WORK INSTRUCTION – Scan the listing below and copy each line holding the word "much".

DATASET RECORDS –
-=-=-=-=-

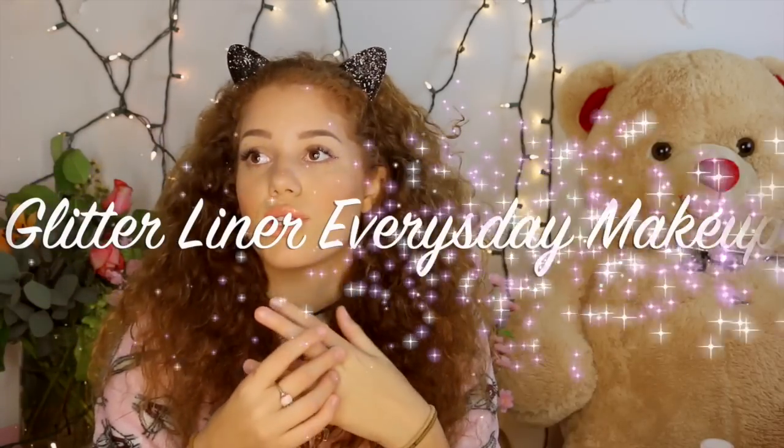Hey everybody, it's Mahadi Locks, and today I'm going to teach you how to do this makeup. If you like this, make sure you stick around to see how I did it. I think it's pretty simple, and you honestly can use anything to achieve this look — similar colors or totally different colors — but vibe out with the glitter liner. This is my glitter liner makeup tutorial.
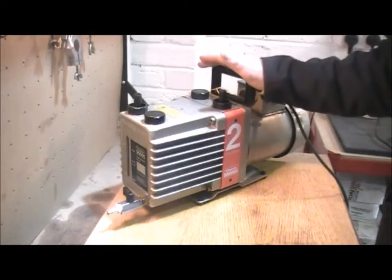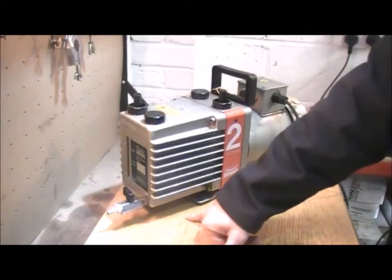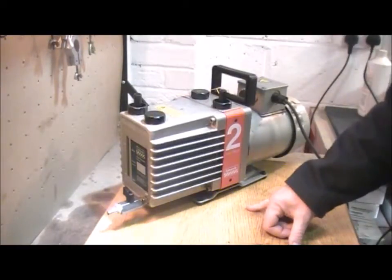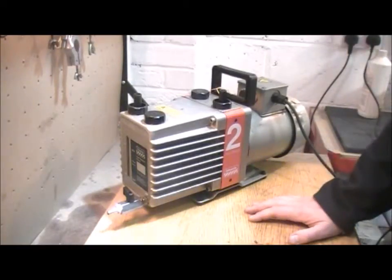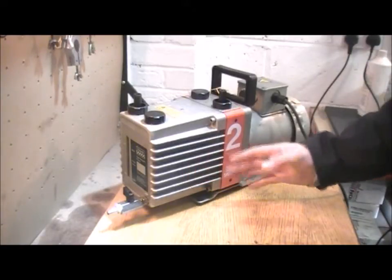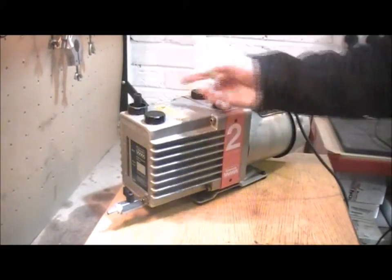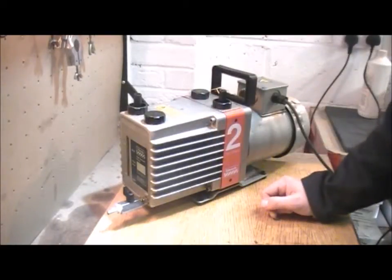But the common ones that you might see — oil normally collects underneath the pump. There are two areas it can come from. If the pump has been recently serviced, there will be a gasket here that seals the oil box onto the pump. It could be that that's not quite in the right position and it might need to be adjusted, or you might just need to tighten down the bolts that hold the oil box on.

-=-=-=-=-

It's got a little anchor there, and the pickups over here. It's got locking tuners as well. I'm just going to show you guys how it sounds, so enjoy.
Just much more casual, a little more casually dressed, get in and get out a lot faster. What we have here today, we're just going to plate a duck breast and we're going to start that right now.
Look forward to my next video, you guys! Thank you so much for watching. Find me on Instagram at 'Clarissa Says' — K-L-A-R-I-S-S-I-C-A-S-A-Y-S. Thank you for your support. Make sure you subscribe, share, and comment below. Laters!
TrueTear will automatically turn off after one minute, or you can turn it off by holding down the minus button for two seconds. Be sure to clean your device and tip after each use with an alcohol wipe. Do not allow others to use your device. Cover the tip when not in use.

-=-=-=-=-

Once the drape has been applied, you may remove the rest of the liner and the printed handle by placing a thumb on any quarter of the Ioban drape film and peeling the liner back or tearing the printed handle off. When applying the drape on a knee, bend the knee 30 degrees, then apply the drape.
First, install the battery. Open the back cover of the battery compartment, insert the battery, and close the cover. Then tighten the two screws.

-=-=-=-=-

RESPONSE FOR THIS EXERCISE –
Just much more casual, a little more casually dressed, get in and get out a lot faster. What we have here today, we're just going to plate a duck breast and we're going to start that right now.
Look forward to my next video, you guys! Thank you so much for watching. Find me on Instagram at 'Clarissa Says' — K-L-A-R-I-S-S-I-C-A-S-A-Y-S. Thank you for your support. Make sure you subscribe, share, and comment below. Laters!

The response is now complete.